Highlights in history on this date:

1540 – Holy Roman Emperor Charles V enters Ghent, in Belgium, and executes leaders of revolt.

1663 – Canada becomes royal province of France.

1797 – British fleet under John Jervis and Horatio Nelson defeat Spanish off Cape Saint Vincent.

1846 – Uprising in Cracow Republic spreads swiftly throughout Poland.

1893 – United States annexes Hawaii by treaty.

1899 – U.S. Congress approves, and U.S. President William McKinley signs, legislation authorizing states to use voting machines for federal elections.

1920 – The League of Women Voters is founded in Chicago.

1929 – Seven hoodlums, rivals of the Al Capone gang in Chicago, Illinois, are murdered in what becomes known as the “Saint Valentine’s Day Massacre.”

1943 – Soviet forces recapture Rostov from Germans in World War II.

1946 – The first all-electronic computer is introduced at the University of Pennsylvania.

1956 – Soviet Premier Nikita Khrushchev denounces Joseph Stalin’s policies at Soviet Communist Party conference.

1958 – Union of Kingdoms of Iraq and Jordan into Arab Federation with King Faisal as head of state.

1962 – U.S. first lady Jacqueline Kennedy conducts a televised tour of the White House.

1972 – U.S. trade restrictions against China are relaxed, putting China on same basis as Soviet Union.

1978 – U.S. government announces plans to sell billions of dollars’ worth of arms to Egypt and Saudi Arabia as well as to Israel, saying that will maintain military balance in the Middle East.

1979 – Four armed men kidnap U.S. ambassador to Afghanistan Adolf Dubs. The ambassador is later killed in a shootout with police.

1988 – Three officers of Yasser Arafat’s mainline group in the Palestine Liberation Organization are killed in Cyprus when their booby-trapped car explodes.

1989 – Ayatollah Ruhollah Khomeini of Iran issues edict sentencing British author Salman Rushdie to death for allegedly insulting Islam, sending him into hiding for years.

1990 – Indian Airlines passenger jet crashes on landing, killing 91 people.

1992 – Nearly half of the former Soviet Republics vow to form separate armies.
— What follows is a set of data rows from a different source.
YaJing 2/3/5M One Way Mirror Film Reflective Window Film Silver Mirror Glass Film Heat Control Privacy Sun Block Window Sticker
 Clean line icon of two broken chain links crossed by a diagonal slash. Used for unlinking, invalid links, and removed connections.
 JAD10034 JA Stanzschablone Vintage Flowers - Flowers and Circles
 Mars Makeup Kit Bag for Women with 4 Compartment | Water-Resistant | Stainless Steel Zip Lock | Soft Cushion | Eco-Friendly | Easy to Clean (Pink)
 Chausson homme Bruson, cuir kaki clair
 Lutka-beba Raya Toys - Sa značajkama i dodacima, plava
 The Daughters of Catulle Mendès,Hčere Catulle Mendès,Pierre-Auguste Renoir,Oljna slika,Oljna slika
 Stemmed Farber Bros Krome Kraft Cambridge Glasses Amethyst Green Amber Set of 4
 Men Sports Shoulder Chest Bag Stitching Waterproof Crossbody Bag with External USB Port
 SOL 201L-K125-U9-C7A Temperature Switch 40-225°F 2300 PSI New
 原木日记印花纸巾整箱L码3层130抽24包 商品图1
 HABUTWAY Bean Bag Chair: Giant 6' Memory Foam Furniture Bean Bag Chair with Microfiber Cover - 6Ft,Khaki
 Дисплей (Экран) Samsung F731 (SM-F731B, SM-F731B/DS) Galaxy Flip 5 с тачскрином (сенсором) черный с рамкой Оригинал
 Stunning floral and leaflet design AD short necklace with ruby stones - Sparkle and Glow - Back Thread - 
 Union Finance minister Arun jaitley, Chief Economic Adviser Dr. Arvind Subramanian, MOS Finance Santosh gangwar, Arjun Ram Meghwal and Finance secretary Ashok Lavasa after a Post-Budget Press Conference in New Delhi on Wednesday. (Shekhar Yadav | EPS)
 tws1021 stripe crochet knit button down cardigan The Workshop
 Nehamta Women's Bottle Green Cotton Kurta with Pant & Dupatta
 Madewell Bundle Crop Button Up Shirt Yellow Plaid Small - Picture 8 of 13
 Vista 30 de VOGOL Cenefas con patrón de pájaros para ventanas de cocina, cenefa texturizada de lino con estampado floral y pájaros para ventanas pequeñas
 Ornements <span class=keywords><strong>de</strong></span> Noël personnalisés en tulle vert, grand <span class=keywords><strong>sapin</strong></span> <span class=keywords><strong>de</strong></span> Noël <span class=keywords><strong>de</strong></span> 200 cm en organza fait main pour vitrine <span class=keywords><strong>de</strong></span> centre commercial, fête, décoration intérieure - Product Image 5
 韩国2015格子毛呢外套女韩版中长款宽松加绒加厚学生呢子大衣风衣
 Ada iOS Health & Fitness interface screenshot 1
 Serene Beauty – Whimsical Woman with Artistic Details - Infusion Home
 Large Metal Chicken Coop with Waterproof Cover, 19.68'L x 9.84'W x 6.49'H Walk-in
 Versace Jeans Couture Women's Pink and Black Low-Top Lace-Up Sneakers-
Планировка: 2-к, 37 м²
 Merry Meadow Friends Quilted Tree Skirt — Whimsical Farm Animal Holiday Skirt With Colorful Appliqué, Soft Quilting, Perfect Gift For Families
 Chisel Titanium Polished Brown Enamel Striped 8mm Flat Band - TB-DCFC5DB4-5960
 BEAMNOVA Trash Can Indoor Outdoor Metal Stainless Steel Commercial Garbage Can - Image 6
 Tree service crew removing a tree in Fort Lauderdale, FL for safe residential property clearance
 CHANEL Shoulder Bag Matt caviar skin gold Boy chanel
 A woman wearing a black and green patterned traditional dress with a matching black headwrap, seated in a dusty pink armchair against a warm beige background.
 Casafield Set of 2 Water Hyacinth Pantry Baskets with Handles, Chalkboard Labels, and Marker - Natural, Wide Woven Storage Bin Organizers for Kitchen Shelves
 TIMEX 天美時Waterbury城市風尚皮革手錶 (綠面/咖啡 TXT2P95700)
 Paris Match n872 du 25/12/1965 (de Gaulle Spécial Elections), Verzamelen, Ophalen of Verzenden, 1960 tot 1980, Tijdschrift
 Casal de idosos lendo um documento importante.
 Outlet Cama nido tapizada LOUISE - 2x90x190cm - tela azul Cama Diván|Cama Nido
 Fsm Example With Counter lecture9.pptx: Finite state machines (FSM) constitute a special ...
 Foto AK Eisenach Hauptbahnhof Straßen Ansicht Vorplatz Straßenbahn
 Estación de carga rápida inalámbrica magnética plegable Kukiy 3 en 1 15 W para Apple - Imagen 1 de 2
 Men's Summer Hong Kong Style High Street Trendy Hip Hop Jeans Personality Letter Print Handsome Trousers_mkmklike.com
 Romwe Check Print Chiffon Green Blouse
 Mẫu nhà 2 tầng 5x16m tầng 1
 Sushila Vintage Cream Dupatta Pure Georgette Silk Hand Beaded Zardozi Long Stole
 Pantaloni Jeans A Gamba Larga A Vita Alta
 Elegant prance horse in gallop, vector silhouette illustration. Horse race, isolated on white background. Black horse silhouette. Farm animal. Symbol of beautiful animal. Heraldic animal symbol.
1998 – Milan Simic and Miroslav Tadic become the first Bosnian Serb suspects to turn themselves in voluntarily to the U.N. war crimes tribunal in The Hague, Netherlands.

2000 – Indonesian President Abdurrahman Wahid suspends his powerful security minister, Gen. Wiranto, from the Cabinet over his alleged role in the bloodshed in East Timor during 1999.

2002 – Researchers at the U.S. Texas A&M University in College Station successfully clone a cat, making it the sixth species to be cloned.

2005 – A powerful bomb assassinates former prime minister Rafik Hariri and 13 other people, devastation that harked back to Lebanon’s violent past and raised fears of new bloodshed in the bitter dispute over Syria, the country’s chief power broker.

2009 – The Group of Seven finance ministers pledge to avoid resorting to protectionism as they try to stimulate their own economies in the face of the world’s worst economic crisis since the 1930s.

2011 – The number of monarch butterflies migrating from Canada and the U.S. to Mexico increases this year, a hopeful sign following a worrying 75 percent drop in their numbers last year.

2013 – Oscar Pistorious, the double-amputee Olympic sprinter dubbed the Blade Runner, is charged in the slaying of his girlfriend at his upscale home in South Africa.

2014 — U.N. panel has found that crimes against humanity have been committed in North Korea and will call for an international criminal investigation.

2015 — The Obama administration announces that it will allow Cuba’s small private business sector to sell goods to the United States in a potentially important loosening of the half-century trade embargo on the communist island.

Today’s Birthdays:

Domingo F. Sarmiento, Argentine president 1868-1874 (1811-1888); Israel Zangwill, English author (1846-1926); Jack Benny, U.S. comedian (1894-1975); Gregory Hines, U.S. actor/dancer (1946-2003); Florence Henderson, U.S. actress (1934–); Meg Tilly, U.S. actress (1960–); Rob Thomas, U.S. singer (1972–).

Thought For Today:

We are effectively destroying ourselves by violence masquerading as love. — R.D. Laing, Scottish psychiatrist (1927-1989).